The Informer

Uncertainty over UK Government policy has resulted in Britain slipping down a global “energy trilemma” league table.

The rankings produced by the World Energy Council measure how well countries are facing the triple challenge of securing affordable lower carbon energy.
The UK’s ranking has been downgraded from AAA to AAB after the cost of energy rose when compared to other developed nations.

Britain also remains on a “negative watchlist” because the report’s authors do not believe that “the effects of ageing power plant infrastructure are not yet reflected in the data”.

‘Significant challenges’

The report warned that the UK faces “significant challenges” in securing its energy supply.

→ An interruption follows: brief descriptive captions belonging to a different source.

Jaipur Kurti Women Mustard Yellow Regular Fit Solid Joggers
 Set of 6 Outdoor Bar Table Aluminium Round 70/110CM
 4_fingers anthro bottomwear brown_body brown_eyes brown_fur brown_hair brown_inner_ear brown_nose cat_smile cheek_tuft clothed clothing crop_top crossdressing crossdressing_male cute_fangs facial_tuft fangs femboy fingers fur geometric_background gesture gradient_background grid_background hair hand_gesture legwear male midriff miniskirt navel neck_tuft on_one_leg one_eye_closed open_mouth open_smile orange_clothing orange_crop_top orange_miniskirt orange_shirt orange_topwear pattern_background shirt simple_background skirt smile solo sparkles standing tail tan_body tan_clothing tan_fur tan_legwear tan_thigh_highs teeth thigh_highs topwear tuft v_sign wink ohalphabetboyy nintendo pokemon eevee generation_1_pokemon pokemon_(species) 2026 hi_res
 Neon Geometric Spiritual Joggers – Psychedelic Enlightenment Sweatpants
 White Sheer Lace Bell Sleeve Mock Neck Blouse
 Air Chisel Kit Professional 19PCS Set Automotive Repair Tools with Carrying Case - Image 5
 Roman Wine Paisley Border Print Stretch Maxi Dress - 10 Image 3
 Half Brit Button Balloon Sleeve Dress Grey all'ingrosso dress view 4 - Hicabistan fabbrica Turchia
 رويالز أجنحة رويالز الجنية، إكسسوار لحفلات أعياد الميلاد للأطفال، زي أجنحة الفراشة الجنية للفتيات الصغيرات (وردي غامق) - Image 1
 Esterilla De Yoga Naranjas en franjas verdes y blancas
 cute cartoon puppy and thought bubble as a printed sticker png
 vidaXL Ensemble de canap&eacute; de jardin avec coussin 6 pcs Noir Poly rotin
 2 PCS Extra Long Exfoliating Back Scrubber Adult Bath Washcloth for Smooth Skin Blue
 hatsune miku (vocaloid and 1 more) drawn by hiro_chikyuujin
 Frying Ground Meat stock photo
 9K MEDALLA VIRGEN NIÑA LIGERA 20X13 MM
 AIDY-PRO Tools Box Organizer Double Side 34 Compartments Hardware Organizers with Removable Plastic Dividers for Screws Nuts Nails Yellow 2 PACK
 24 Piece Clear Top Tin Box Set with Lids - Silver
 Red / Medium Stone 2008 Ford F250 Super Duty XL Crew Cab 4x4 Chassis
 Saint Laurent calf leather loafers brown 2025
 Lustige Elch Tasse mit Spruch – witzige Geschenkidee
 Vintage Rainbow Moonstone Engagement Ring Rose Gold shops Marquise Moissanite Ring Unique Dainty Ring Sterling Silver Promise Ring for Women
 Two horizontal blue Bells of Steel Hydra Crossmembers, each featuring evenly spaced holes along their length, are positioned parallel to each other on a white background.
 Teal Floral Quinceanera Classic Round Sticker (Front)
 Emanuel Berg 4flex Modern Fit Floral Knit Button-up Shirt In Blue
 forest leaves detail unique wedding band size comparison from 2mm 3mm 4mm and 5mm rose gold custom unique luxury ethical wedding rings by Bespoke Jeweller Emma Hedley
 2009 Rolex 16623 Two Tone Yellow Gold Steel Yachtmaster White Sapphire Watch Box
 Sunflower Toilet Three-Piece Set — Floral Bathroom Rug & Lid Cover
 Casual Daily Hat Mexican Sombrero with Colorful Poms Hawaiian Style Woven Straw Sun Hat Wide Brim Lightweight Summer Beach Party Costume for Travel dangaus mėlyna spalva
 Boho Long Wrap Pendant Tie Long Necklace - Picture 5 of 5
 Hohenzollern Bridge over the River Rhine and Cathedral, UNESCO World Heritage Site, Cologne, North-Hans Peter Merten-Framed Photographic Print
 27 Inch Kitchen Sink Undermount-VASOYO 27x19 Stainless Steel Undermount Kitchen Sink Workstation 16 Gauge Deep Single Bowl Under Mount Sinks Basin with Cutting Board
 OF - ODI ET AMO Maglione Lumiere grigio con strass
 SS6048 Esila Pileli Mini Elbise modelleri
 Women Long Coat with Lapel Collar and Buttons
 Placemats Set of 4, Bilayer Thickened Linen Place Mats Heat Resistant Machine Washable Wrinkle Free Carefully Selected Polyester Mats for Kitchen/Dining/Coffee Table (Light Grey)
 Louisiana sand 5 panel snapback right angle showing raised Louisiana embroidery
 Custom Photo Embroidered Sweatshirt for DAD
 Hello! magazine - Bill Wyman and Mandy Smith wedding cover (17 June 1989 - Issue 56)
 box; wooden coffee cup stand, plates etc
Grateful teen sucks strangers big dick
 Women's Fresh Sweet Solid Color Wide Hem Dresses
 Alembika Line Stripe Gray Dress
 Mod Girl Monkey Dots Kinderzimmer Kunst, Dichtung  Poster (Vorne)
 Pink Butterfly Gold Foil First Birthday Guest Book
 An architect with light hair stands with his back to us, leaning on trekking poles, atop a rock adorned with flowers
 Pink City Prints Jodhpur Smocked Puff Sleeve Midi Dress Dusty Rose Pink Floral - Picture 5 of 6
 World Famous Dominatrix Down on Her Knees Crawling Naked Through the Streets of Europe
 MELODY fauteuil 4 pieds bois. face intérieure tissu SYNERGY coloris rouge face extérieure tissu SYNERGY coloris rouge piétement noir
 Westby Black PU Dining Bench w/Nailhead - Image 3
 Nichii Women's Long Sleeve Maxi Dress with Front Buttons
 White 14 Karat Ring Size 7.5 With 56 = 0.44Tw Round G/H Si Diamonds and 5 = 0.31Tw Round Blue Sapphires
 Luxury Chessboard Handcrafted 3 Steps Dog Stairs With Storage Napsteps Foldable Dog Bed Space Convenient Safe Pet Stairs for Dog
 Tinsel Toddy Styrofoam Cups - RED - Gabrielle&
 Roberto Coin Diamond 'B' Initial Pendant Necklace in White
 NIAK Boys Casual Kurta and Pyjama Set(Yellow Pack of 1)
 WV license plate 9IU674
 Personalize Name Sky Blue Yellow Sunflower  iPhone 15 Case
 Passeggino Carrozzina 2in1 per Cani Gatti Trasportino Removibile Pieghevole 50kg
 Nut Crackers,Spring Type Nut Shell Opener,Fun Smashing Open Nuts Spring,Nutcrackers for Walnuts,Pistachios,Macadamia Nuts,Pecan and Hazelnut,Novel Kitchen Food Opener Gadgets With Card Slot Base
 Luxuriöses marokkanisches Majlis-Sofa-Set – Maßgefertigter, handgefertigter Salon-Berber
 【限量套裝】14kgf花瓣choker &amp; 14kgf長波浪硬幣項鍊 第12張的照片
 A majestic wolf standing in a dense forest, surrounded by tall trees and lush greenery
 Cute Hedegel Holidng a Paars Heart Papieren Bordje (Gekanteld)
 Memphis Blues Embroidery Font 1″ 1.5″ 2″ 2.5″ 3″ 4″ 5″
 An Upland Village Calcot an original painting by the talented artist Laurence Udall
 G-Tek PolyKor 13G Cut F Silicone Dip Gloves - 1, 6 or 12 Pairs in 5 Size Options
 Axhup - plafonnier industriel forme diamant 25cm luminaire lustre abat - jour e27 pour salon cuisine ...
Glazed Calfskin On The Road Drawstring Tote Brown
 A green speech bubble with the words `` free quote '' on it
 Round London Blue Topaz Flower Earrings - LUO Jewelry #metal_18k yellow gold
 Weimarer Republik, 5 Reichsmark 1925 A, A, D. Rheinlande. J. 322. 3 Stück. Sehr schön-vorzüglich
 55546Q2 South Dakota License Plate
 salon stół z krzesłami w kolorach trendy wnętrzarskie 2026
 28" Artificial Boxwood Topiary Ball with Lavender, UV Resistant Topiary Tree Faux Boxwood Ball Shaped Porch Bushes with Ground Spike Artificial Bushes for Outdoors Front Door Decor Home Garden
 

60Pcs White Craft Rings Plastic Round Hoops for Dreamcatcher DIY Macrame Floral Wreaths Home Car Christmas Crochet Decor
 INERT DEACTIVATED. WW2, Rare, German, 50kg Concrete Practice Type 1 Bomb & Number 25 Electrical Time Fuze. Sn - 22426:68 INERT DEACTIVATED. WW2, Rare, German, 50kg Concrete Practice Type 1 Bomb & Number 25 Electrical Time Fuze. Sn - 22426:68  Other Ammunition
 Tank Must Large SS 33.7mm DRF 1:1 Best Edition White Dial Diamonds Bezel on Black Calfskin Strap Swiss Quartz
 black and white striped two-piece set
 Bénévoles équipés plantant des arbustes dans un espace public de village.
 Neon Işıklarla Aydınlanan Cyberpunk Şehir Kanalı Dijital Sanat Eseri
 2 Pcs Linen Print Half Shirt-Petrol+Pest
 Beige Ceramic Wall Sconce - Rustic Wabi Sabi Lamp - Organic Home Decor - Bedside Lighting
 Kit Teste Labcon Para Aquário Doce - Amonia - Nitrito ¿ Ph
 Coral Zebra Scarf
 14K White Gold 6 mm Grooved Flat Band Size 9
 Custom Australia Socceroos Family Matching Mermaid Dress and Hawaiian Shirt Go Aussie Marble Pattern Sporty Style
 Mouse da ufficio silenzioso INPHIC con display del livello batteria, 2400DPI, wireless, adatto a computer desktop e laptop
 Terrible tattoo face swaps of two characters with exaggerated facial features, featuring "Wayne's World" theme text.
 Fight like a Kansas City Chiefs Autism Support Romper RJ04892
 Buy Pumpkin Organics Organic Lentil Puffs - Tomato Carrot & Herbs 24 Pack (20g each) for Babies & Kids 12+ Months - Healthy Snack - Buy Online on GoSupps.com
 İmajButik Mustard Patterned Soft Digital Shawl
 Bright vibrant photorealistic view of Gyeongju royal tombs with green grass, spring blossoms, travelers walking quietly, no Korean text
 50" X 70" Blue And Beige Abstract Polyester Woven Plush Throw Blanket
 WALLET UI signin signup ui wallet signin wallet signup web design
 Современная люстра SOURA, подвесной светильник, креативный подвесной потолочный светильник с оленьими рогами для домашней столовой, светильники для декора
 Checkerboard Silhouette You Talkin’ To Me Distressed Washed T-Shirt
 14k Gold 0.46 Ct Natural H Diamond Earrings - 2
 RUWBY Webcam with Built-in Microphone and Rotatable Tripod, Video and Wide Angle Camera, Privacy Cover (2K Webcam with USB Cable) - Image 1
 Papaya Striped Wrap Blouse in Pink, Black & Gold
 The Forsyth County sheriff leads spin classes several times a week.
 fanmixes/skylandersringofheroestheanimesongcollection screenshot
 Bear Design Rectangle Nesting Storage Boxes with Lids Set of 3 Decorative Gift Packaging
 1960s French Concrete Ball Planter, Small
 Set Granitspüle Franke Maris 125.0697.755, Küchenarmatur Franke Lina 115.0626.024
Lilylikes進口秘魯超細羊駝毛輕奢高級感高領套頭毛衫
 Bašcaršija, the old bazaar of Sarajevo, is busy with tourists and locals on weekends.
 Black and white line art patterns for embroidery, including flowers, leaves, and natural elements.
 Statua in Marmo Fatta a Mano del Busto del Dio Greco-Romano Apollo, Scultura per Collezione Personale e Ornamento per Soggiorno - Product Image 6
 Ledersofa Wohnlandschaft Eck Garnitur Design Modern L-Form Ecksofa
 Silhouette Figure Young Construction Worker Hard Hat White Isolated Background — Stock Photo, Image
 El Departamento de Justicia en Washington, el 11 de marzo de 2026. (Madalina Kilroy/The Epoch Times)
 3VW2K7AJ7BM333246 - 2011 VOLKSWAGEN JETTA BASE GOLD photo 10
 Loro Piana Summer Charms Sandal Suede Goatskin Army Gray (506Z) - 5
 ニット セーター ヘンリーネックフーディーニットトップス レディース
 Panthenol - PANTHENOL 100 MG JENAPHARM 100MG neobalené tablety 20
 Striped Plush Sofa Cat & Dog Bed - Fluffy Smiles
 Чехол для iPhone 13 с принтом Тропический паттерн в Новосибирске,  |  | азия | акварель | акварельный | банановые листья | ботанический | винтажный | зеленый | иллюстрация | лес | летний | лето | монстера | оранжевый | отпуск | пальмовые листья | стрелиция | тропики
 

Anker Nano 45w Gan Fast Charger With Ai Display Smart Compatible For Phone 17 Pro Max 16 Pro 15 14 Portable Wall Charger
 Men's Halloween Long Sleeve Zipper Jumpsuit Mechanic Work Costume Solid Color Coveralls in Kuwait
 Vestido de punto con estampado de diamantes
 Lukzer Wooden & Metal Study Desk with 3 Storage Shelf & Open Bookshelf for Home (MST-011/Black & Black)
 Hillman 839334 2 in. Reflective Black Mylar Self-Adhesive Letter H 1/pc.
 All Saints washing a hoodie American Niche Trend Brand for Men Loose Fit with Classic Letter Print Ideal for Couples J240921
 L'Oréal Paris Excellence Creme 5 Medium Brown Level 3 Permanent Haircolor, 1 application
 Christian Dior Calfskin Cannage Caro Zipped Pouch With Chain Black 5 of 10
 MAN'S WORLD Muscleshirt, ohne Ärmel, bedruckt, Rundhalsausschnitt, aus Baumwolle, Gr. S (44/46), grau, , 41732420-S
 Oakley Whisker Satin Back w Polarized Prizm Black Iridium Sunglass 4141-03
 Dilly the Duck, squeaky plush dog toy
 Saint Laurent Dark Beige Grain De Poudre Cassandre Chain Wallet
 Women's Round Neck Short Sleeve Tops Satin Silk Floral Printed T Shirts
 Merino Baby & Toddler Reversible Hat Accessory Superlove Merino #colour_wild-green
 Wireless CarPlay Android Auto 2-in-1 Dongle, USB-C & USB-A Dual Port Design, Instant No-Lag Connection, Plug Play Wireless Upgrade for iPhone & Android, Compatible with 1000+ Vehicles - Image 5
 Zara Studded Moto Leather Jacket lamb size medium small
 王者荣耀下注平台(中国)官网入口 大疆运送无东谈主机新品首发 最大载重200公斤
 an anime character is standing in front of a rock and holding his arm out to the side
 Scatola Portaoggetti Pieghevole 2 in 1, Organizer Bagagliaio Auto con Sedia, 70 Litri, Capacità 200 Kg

“Domestic production of fossil fuels has steadily declined, nuclear power plants are being run down, and many coal plants will be forced to close due to changes in European legislation,” the study found.

“Furthermore, ageing infrastructure and the tightening of reserve capacity margins, called for extraordinary measures by the national grid operator, including tenders, to ensure supply during the winter 2014-2015. The UK's energy security performance does not yet reflect these constraints and is expected to decrease in future rankings.

“Moreover, the unexpected removal of feed-in tariffs for wind and solar may hinder investments in these sectors, impacting the country's goal to further diversity of its energy supply and improve its environmental sustainability.”

DECC defends UK’s record

Joan MacNaughton, Executive Chairwoman of the World Energy Trilemma study, said: “If the UK is to remain ahead of the pack and regain its triple A rating, the Government must give more predictability to investors in the way the electricity market reforms are progressed.”

A spokesman for the Department of Energy & Climate Change defended the UK’s record.

He said: “We’ve made record investments in renewables and are committed to lower-carbon secure energy, such as nuclear and shale gas, which will help keep the lights on for future generations.”